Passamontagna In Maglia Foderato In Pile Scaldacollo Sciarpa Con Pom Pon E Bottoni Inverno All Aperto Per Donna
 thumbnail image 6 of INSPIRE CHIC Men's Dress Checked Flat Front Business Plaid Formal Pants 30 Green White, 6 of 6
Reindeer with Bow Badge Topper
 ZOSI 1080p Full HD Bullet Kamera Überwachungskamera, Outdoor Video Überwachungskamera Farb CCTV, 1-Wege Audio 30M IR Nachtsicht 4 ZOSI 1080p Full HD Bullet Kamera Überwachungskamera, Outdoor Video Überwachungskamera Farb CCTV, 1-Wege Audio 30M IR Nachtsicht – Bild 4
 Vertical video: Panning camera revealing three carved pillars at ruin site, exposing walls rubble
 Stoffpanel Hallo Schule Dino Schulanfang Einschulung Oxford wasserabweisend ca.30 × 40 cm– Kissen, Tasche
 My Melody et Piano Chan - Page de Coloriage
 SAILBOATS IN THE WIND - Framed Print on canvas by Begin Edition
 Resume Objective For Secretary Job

## Your task
For the entries above, transcribe precisely the lines from the one with "Stoffpanel Hallo Schule" through the end, including both.

## Exercise output
 Stoffpanel Hallo Schule Dino Schulanfang Einschulung Oxford wasserabweisend ca.30 × 40 cm– Kissen, Tasche
 My Melody et Piano Chan - Page de Coloriage
 SAILBOATS IN THE WIND - Framed Print on canvas by Begin Edition
 Resume Objective For Secretary Job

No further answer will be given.